La violencia es un lastre que arrastra al pueblo dominicano hacia lo más primitivo de su herencia genética. Domesticarla parece una tarea más allá de las fuerzas de quienes hoy día nos dejan, en los espacios públicos y privados, muestras fehacientes de esta mancha.
Con un ejercicio simple de la razón se puede entender que los accidentes de tránsito son evitables, pero ocurren. Sin embargo, por alguna razón a muchos se nos hace imposible llegar a esta simpleza lógica y ante cualquier roce, del que no ha salido nadie lastimado, somos capaces de producir daños colaterales que nada tienen que ver con el choque de vehículos.
La reflexión anterior viene a este espacio a propósito de la “tabaná” que le propinó un energúmeno a una mujer con la que tuvo un accidente de tránsito en una intersección de Baní.
El hecho ocurrió el fin de semana y a continuación una ola de indignación, que no cesa, no ha dejado hueso sano en el autor del atropello físico.
¿Cuántos de los que juzgan desde fuera llevará consigo la tara del carácter que permite que ocurran hechos como este? Imposible saberlo, pero la pregunta no es retórica. Ocurre tantas veces en nuestras calles que acaso debiera ser evaluada la pertinencia de llevar a nuestro sistema educativo la asignatura de “tránsito”, o urbanidad.
Un accidente de tráfico se produce por razones variadas, pero en el caso de que el hecho arroje daños materiales o personales de consideración, corresponde a los involucrados presentarse ante la autoridad a reportar el hecho.
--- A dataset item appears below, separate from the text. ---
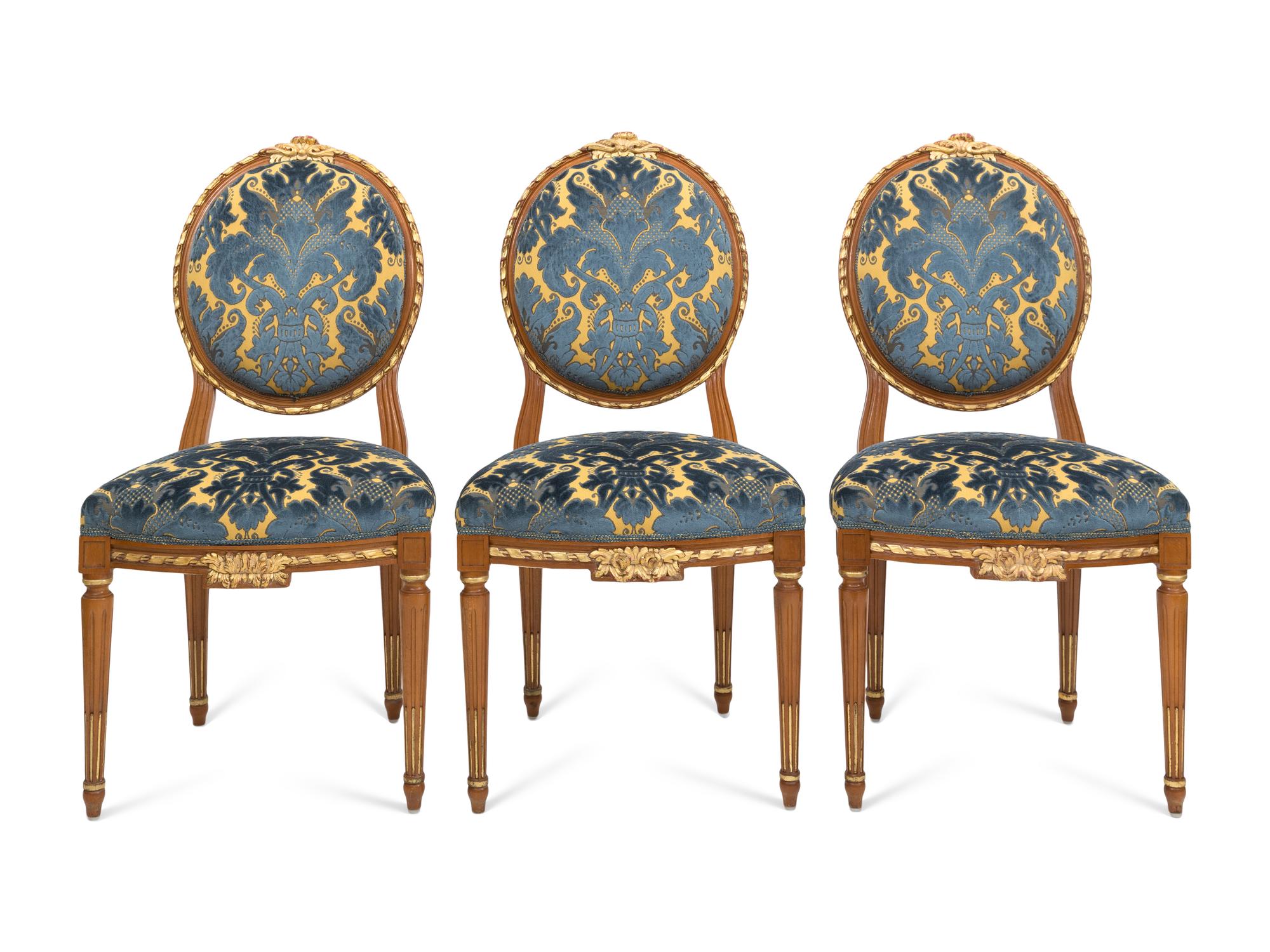 A Set of Three Italian Parcel Gilt Side Chairs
Y si les resulta imposible ponerse de acuerdo sobre cuál de los involucrados fue el causante, la ley establece la manera de proceder y ante quién hacerlo.
Este tipo de violencia ocurre tantas veces que después de tirar la piedra contra el primitivo de Baní, debiéramos ser capaces de buscar dentro de nosotros, a ver si nos corresponde civilizar a nuestro monstruo interno.